Not only that, but the return of defensive end Danielle Hunter, linebacker Anthony Barr and defensive tackle Michael Pierce should significantly upgrade every level of the Vikings’ defense.
As training camp begins, I will have my eyes on two defensive positions. First, let’s start at cornerback:
Entering this season, my biggest question is: how will veterans like Peterson and Breeland perform? Peterson’s play declined in each of his past two seasons with Arizona. On the other hand, Breeland is recovering from a shoulder injury. Minnesota needs both of its veteran cornerbacks to perform at a high level if they are going to be successful. Peterson should benefit from playing more zone coverage in Mike Zimmer's defense. However, we do not know that for sure.
Mackensie Alexander is also returning after spending one season with the Bengals.
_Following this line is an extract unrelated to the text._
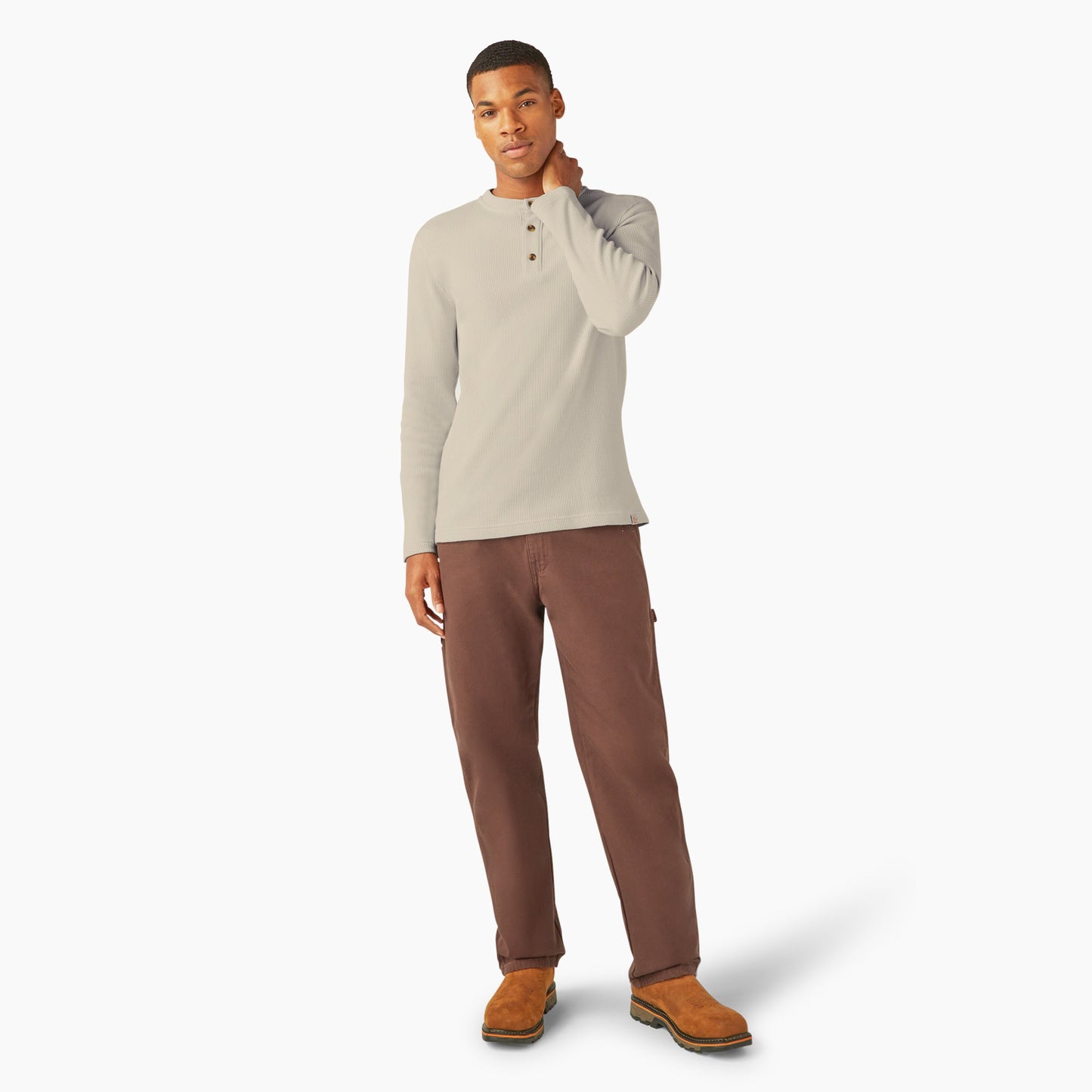 Henley Thermal Shirt For Men|Sale | Dickies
Alexander’s background as a nickel cornerback in Zimmer’s scheme will be a major asset. Zimmer even mentioned Alexander’s improvements during his pre-training camp press conference.
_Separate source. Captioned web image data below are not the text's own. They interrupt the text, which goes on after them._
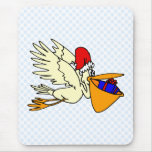 Pesty Pelican Mouse Mat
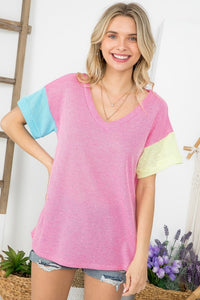 PLUS LOW GAUGE COLORBLOCK TOP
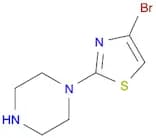 4-Bromo-2-(piperazin-1-yl)thiazole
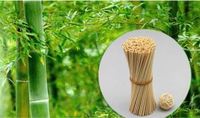 Brochettes de barbecue en bambou naturel jetables de qualité alimentaire pour kebab et viande – Vente en gros
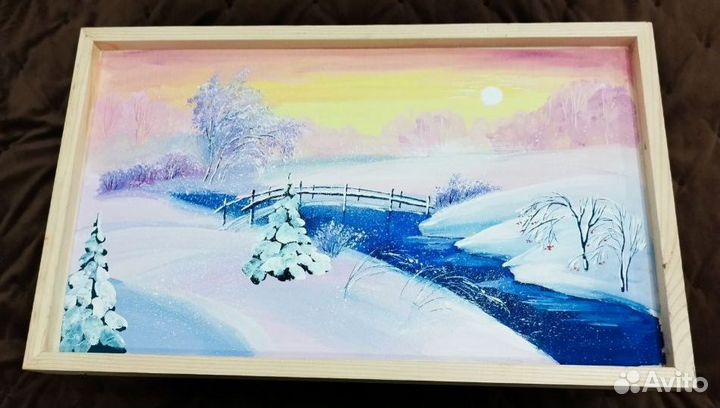 Столик поднос для завтрака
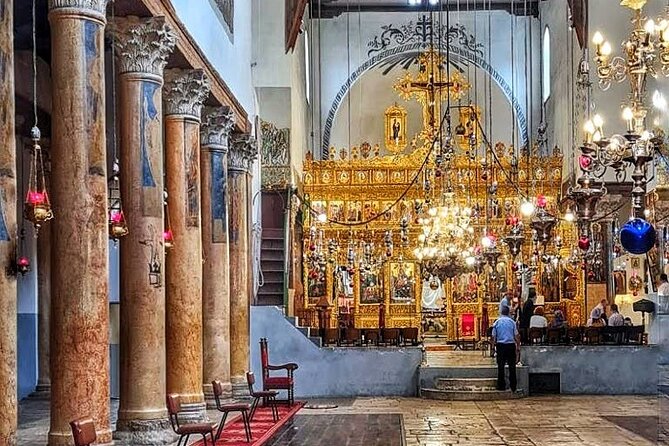Bethlehem and Jerusalem Full-Day Private Tour From Haifa - Booking Information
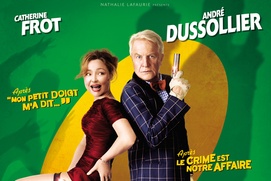 Affiche du film Associés contre le crime... Affiche du film Associés contre le crime...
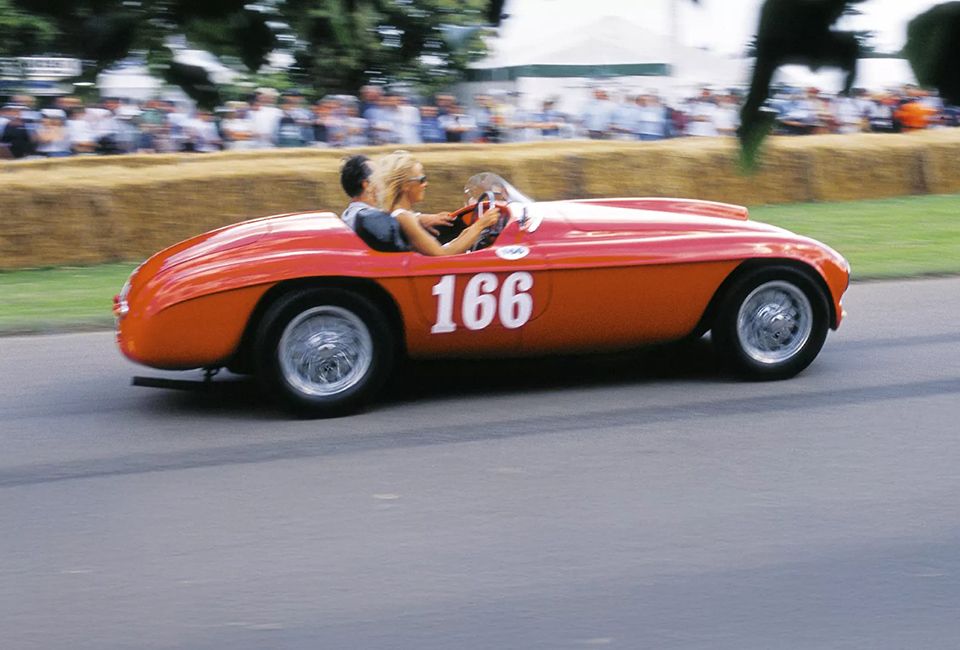 For five decades Dudley and Sally Mason-Styrron were inseparable from each other – and their beloved 166 MM. Now their treasured barchetta is being entrusted to the Museo Enzo Ferrari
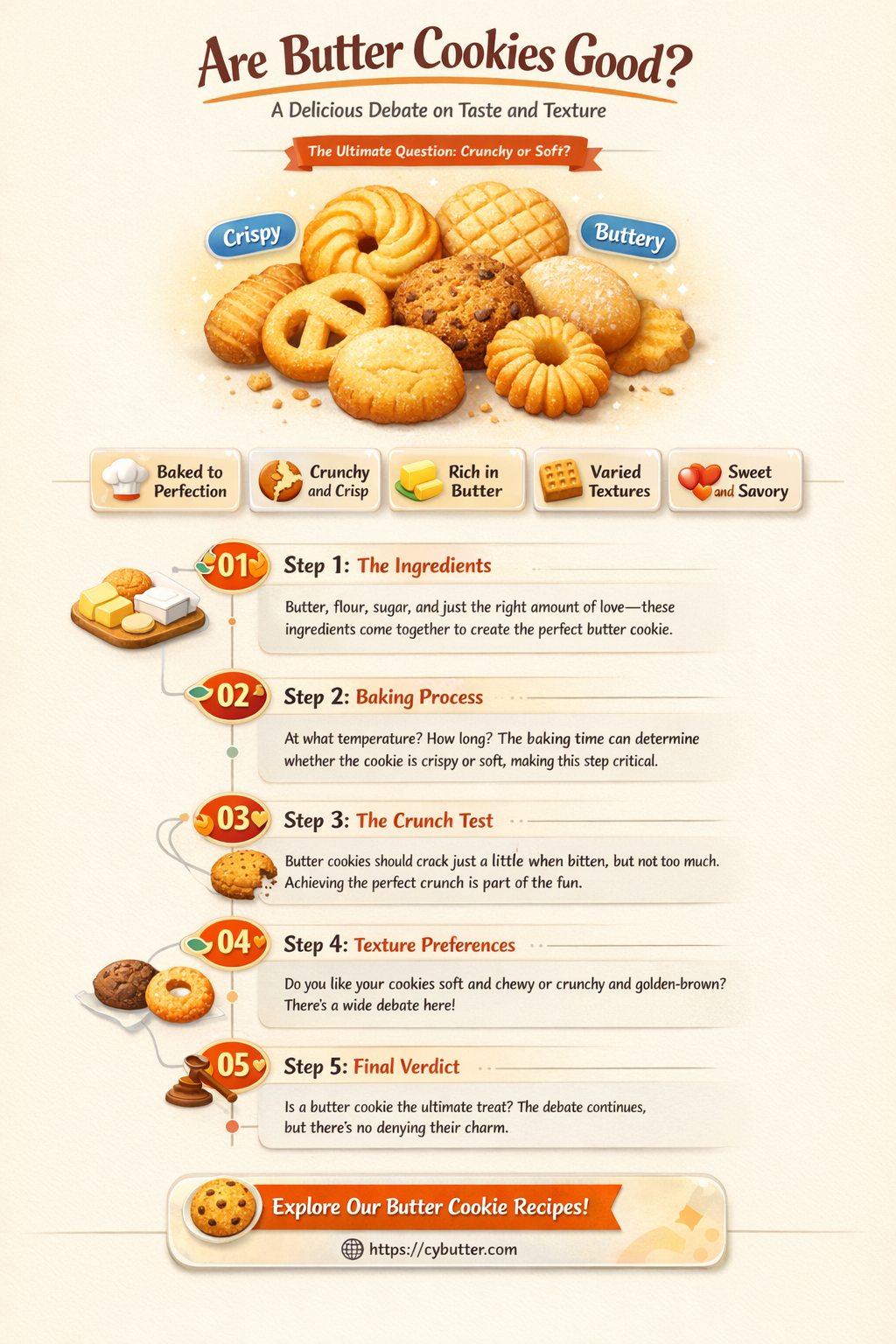 are butter cookies good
Behind Peterson, Alexander and Breeland, the back half of Minnesota’s cornerback depth chart is filled with youth. Cameron Dantzler flashed his athleticism and length when he was on the field last year. The biggest issue was Dantzler’s ability to stay healthy. Last year, he frequently missed time with various injuries. Despite that, when he was available, he displayed his upside and potential. After a full offseason of hands-on coaching, it will be interesting to see how much Dantzler improves.
Additionally, fans should monitor the progress of several other young players. Harrison Hand performed well at the end of last season and will benefit from a non-virtual offseason. On the other hand, Kris Boyd had an up-and-down 2020 season, but continues to show flashes of potential.
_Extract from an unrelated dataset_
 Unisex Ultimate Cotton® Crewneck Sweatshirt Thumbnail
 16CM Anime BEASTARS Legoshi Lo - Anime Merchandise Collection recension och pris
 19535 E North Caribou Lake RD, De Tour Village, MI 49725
The Vikings have quite a few question marks at cornerback. There is boom or bust potential surrounding the Breeland and Peterson additions. If they indeed play at a high level, the Vikings’ defense should significantly improve. However, if they do not meet expectations or suffer any injury, Minnesota will be relying upon less experienced options. The absence of former first-round pick Jeff Gladney due to legal issues could also loom large, especially when it comes to the team’s overall depth.
The Vikings aggressively addressed the cornerback position in free agency, but now we must see how all of the pieces come together in training camp.
Secondly, I’m going to be zoning in on Minnesota’s safeties. The Vikings' depth chart is very thin at this position. Former Cowboys defensive back Xavier Woods was the team’s primary addition at safety. Woods is a rangy, instinctive safety who should pair up nicely with Harrison Smith. Over the next couple of weeks, I want to see how Smith and Woods perform together.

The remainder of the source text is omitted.